# [The task]
In the records below, find the line holding "Sgabello Morgan con" and the line holding "Beige- och vitrandig". Set down both, with every line between them, exactly.

# [Provided information]
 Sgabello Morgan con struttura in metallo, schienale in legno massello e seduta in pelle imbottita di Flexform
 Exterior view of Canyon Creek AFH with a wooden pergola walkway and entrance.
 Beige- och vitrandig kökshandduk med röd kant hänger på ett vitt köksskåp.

...

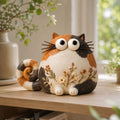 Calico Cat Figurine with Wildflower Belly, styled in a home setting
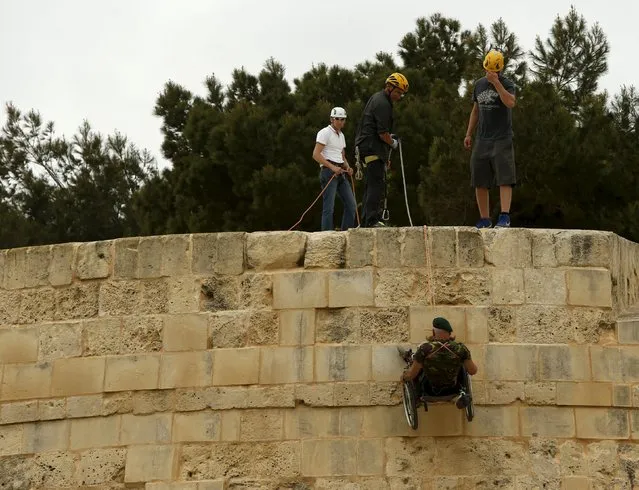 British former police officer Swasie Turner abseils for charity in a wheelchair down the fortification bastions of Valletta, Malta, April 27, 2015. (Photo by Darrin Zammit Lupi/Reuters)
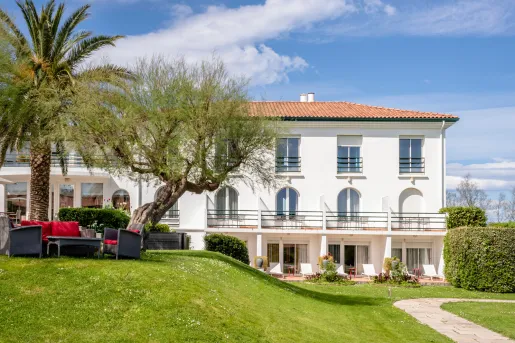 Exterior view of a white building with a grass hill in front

# [Answer to this problem]
 Sgabello Morgan con struttura in metallo, schienale in legno massello e seduta in pelle imbottita di Flexform
 Exterior view of Canyon Creek AFH with a wooden pergola walkway and entrance.
 Beige- och vitrandig kökshandduk med röd kant hänger på ett vitt köksskåp.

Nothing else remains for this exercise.